We're already hearing that the non-English speaking attendants are being discouraged by the other agencies offered. Similarly, a PA with over a decade of experience was told she'd have to take 4-dollar-an-hour cut in pay if she worked through the agency she contacted. (CDR does give raises for experienced aides)

So - to the other Anonymous - starting aides make a low wage, but if they stay with the work and they get paid more. And just how could CDR limit their hours? If a consumer is allocated 100 hours per week, they will need a couple of full-time aides - and plenty do work between 30 and 40 hours per week.

Don't take my word on the aide issue, though. I accidentally came across a blog written by one of the CDR PAs. I don't know who she is, but she has a different take on CDR - based on experience:

Anonymous said...

Sorry, but the way these disabled residents were treated borderlines on abuse. CDR is more of a protest organization anyway and clearly shouldn't be in the service end. Now you have their top guy Bruce Darling attacking a county employee. I don't have sympathy for a guy making over $200k a year who lives in a million dollar home on the lake looking to keep making big bucks. Maybe he should have focused more on how his people were treating these residents if he didn't want to lose this multimillion dollar contract.

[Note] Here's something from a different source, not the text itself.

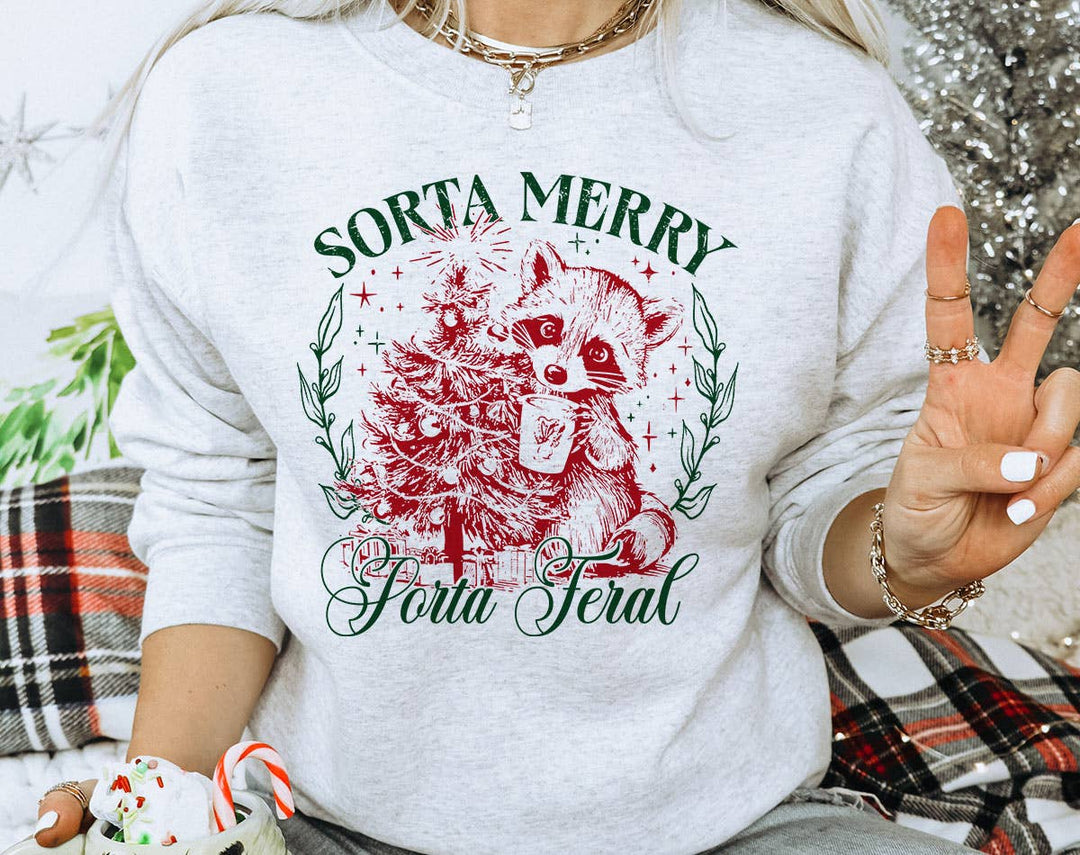 "Sorta Merry Sorta Feral" design on an ash gray unisex crewneck sweatshirt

Its disgusting what these people did!

Anonymous said...

Dear Anomymous,

The people who get attendant services aren't "resident" - that's a term that applies to nursing homes, group homes, etc. These are people living in their *own* homes and get called - accurately - consumers. You seem a little confused about just what we're talking about.

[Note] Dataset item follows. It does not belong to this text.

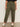 A person stands against a plain light background wearing Sanctuary Clothing's boyfriend utility pant kalamata extended sizing with large front pockets, paired with a black t-shirt and white sneakers featuring black accents. Their arms are relaxed by their sides.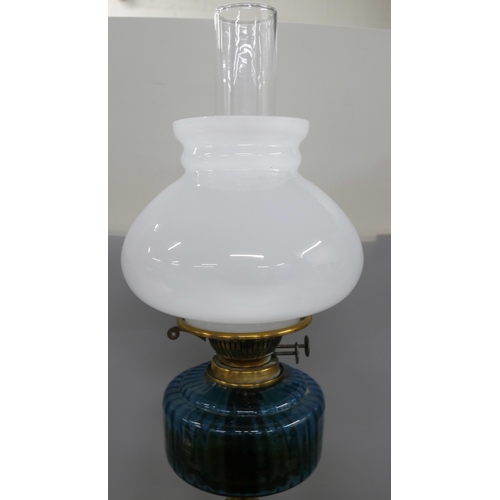 2291 - A brass oil lamp with blue glass reservoir **PLEASE NOTE THIS LOT IS NOT ELIGIBLE FOR IN-HOUSE POSTI...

You seem more than willing to ignore what the consumers themselves are saying about the complaints. These consumers have *always* had a choice of other service providers - they get the opportunity to choose a different one regularly (not sure if it's once or twice a year). They don't. Most consumers under CDPAS choose CDR. And they stay with CDR.

As for Darling's salary - every time I see it mentioned, it seems to go up again. As far as I know, the only real knowledge outside of the CDR board and HR about that is from the 2008 990 the newspaper mentioned.

I think you - and others - just keep making up whatever salary seems right at the time. Darling *does* have a high salary. That's also something relatively recent. He's been at this for about 25 years - and earned a lot less than that for most of it, or so I would guess.

Anonymous said...

Anonymous 7:02 - do I really need to do the math for you? OK - here goes, a client gets 100 hours a week service. How do we cover? Let's see, 100 divided 30 equals 3.33. Now, that's a tough one, I never was good at fractions, but here's a guess - You hire 4 attendants! If the four attendants work 25 hours a week, that equals what - let me get my calculator here, umm, carry the 2 and that makes....100! Now, less than 32 hours a week equals part time, benefits! Wow, funny how that math thing works. Luckily I wasn't in the city school district when I grew up and can do higher level math.

Aides may be having a hard time getting work at the other agencies. Background checks and drug tests can be a bitch. Especially if you have hepatitis. Never a problem at CDR though.

Anonymous said...

Anonymous 3:00 - perhaps if you sought out all the sub not for profits under the CDR umbrella, took a gander at their 990's and took out your handy dandy calculator, you might find the figure mentioned. But the fact he muddies his salary around multiple agencies is no indication whatsoever that he is a schemer, or above stepping on the throats of less savvy consumers or clients, or whip them up in a foaming fury without giving them anything like facts. No, not Brucey. He cares about the little guy - see the name of his agency?